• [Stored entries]
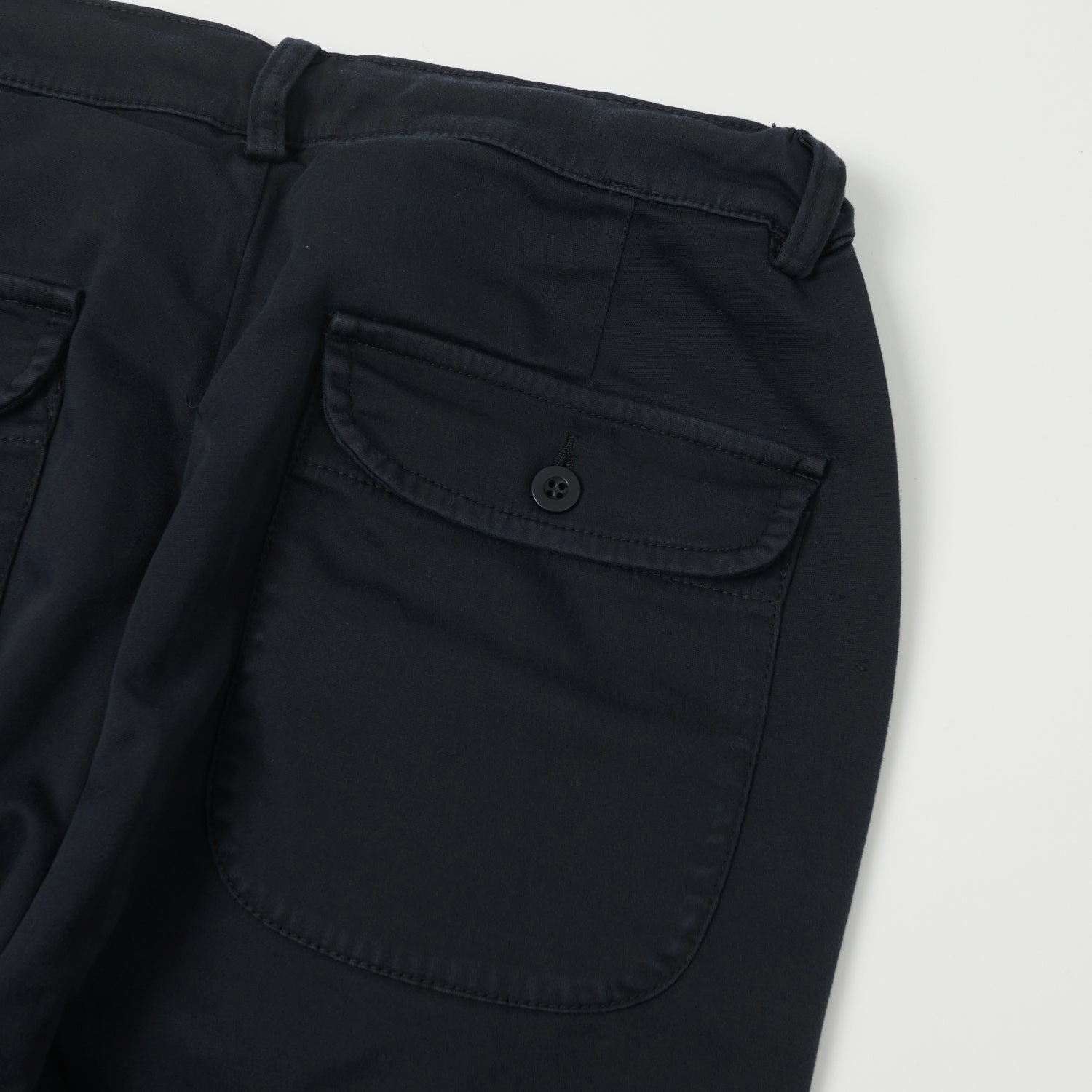 East Harbour Surplus 'Bobby' Trouser - Navy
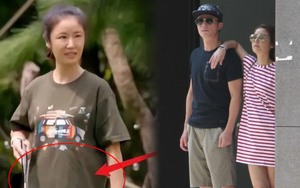 Lâm Tâm Như mang thai lần 2 ở tuổi 47, gương mặt cùng vóc dáng thay đổi hẳn?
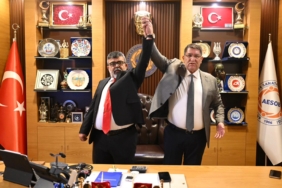 Bayram Dal Güven Tazeleyerek Yeniden Seçildi!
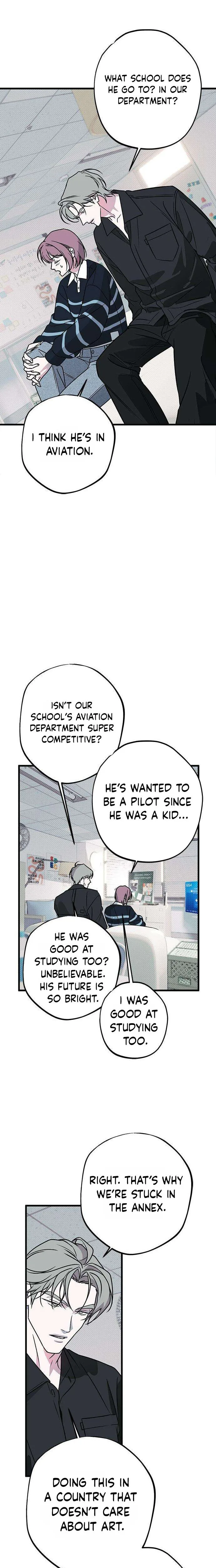 Hate Girl Chapter 12 Page 16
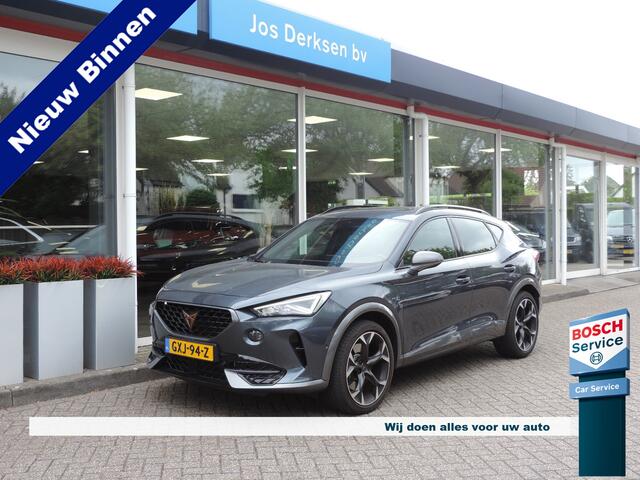 Cupra Formentor 1.4 e-Hybrid VZ Performance - Pano | Carplay | Memory | Matrix LED | Camera | Stoel/stuurverw.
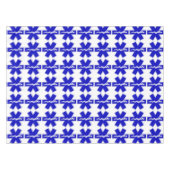 生命(EMT)の星 テーブルクロス (正面(横))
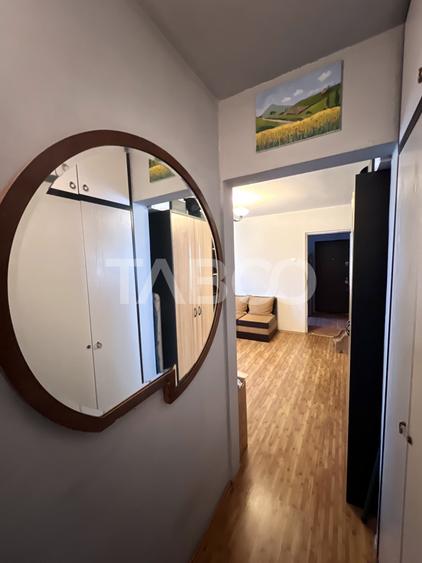 Apartament cu 3 camere semidecomandat, mobilat în Mănăștur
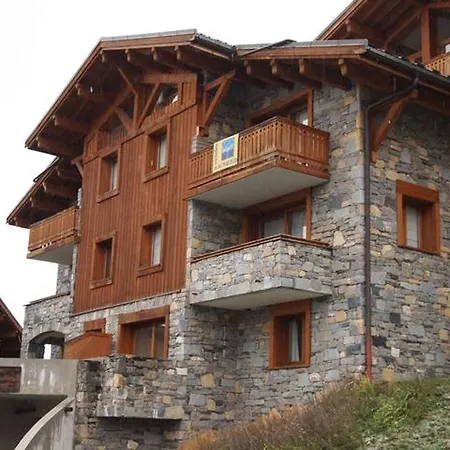 La Rosière, 3 Pièces, 4 Personnes - Fr-1-275-156 Appartamento *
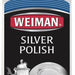 Weiman Silver Polish, Tarnish Preventing, 8 oz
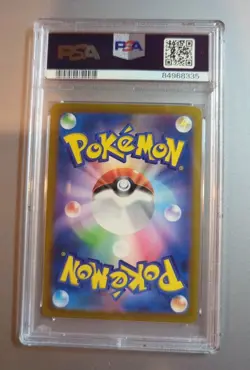 2023 SV3-Ruler Of The Black Flame Charizard EX #139 Japanese Ultra Rare PSA 10 - Image 2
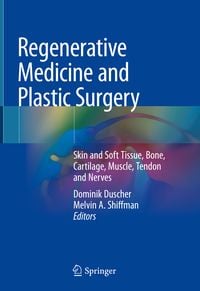 Produktbild: Regenerative Medicine and Plastic Surgery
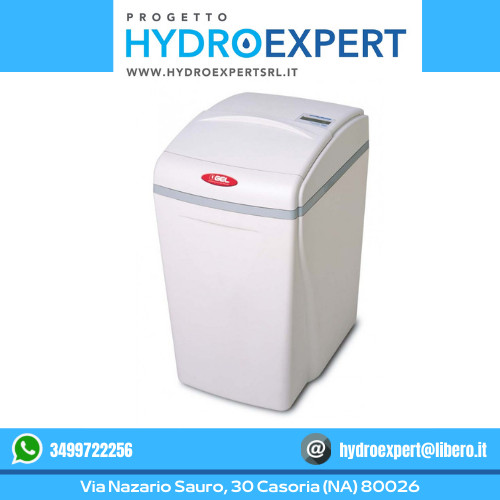 Addolcitore compatto compact - addolcitore,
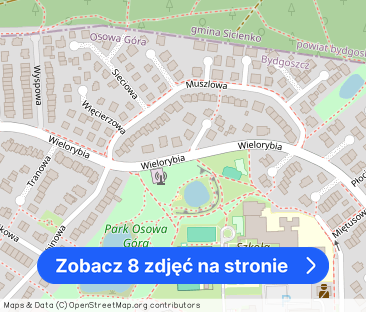 Bydgoszcz ul. Wielorybia - wyposażona kawalerka - Zdjęcie 1
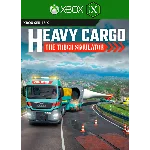 ⭐️ Heavy Cargo The Truck Simulator Xbox One Series X|S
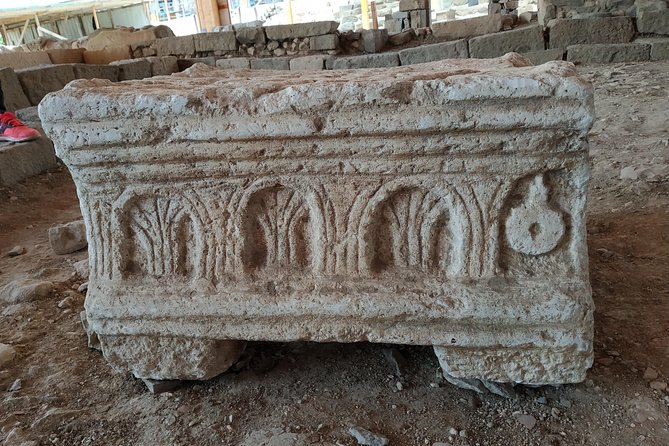 Private tour: Around the Sea of Galilee. - Magdala: Mary Magdalene origins and a 1st-century synagogue you can actually stand near
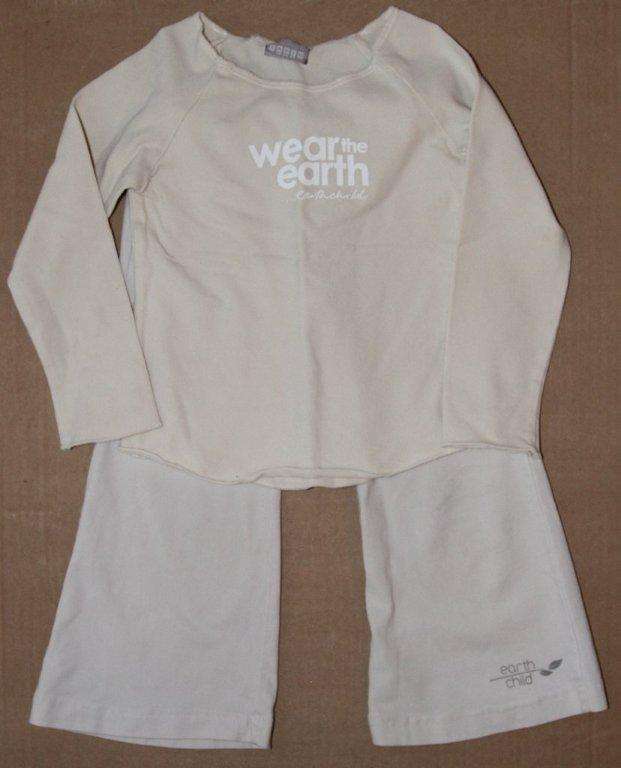 2 piece set - Earthchild - 2 / 3 years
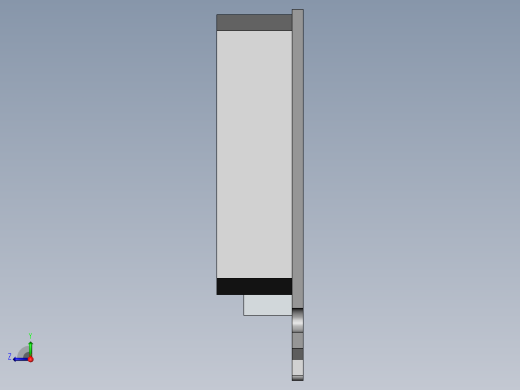 显卡右视缩略图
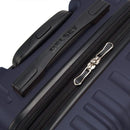 DELSEY PARIS Alexis Lightweight Luggage Medium Expandable Spinner - Navy - Like New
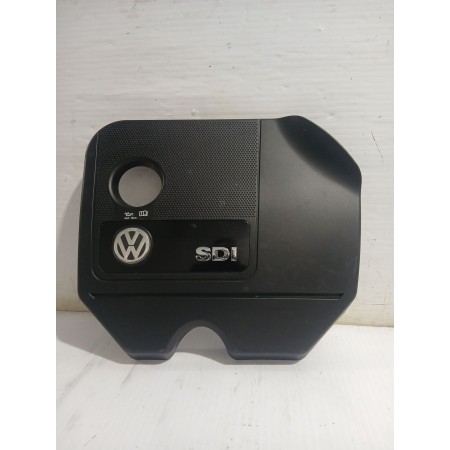 Recambio de cubierta motor para volkswagen polo iv (9n_, 9a_) 1.9 sdi referencia OEM IAM 038103925  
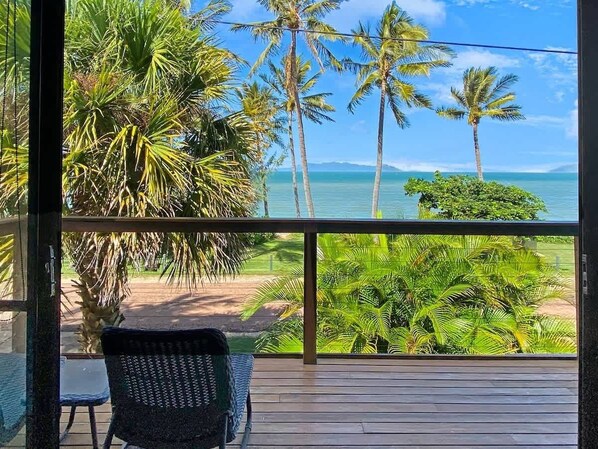 Property grounds - Beachside Palms Unit 2-BOM (Nelly Bay)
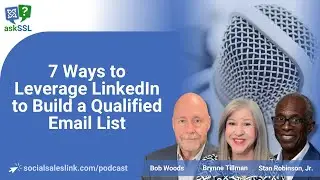 7 Ways to Leverage LinkedIn to Build a Qualified Email List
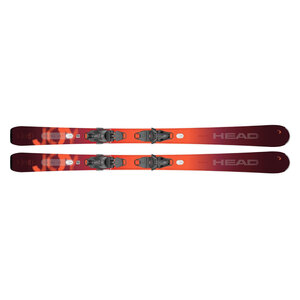 HEAD skije e-total Joy SW SLR BB Joy Pro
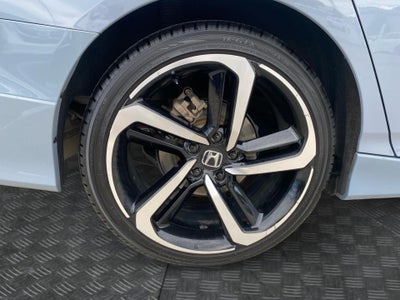 2021 Honda Accord Sport SE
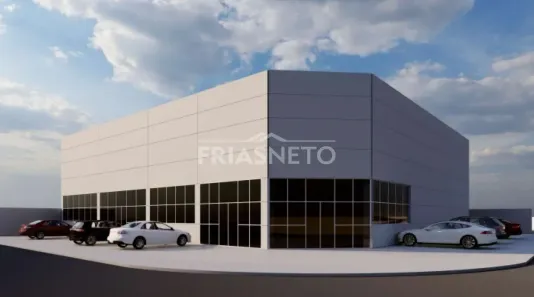Galpão/Depósito/Armazém para alugar, 1015m² no Água Branca, Piracicaba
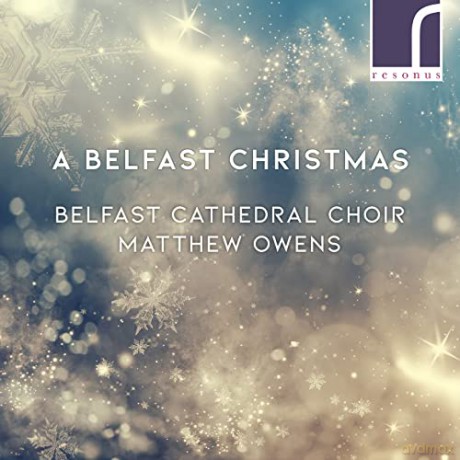Belfast Cathedral Choir: A Belfast Christmas [CD]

• [Exercise] Only the lines from the start of the records to the one containing "Hate Girl Chapter 12 Page 16" should be repeated, exactly and with both ends kept; drop any pictures.

• [Task result]
 East Harbour Surplus 'Bobby' Trouser - Navy
 Lâm Tâm Như mang thai lần 2 ở tuổi 47, gương mặt cùng vóc dáng thay đổi hẳn?
 Bayram Dal Güven Tazeleyerek Yeniden Seçildi!
 Hate Girl Chapter 12 Page 16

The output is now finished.